[TASK GOAL]: Each line below should be repeated exactly, but no picture should be carried over.

[DATASET EXCERPT]:
*** Block opens ***
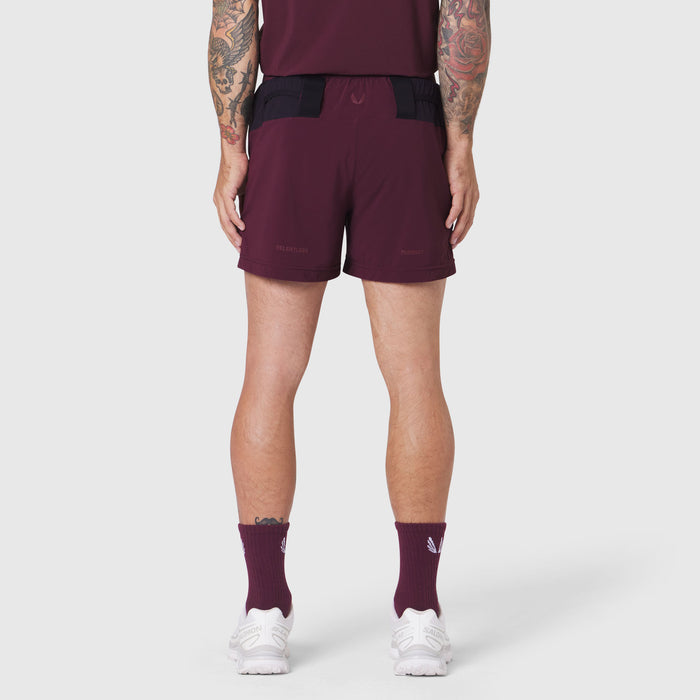 Aerotex Distance Run Short in merlot, rear view on model wearing matching tank and socks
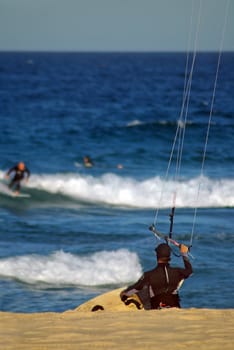 Kite surfer going into water, blurred surfers in background, photo taken in Sydney, 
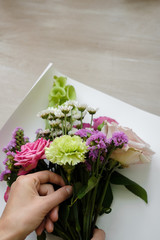 pink bouquet of carnations and roses. woman florist making bouquet of flowers indoor. Female florist preparing bouquet  in flower shop. Close up. Mother's Day and Valentine's Day concept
*** Block closes ***
[WRITTEN SOLUTION]:
 Aerotex Distance Run Short in merlot, rear view on model wearing matching tank and socks
 Kite surfer going into water, blurred surfers in background, photo taken in Sydney, 
 pink bouquet of carnations and roses. woman florist making bouquet of flowers indoor. Female florist preparing bouquet  in flower shop. Close up. Mother's Day and Valentine's Day concept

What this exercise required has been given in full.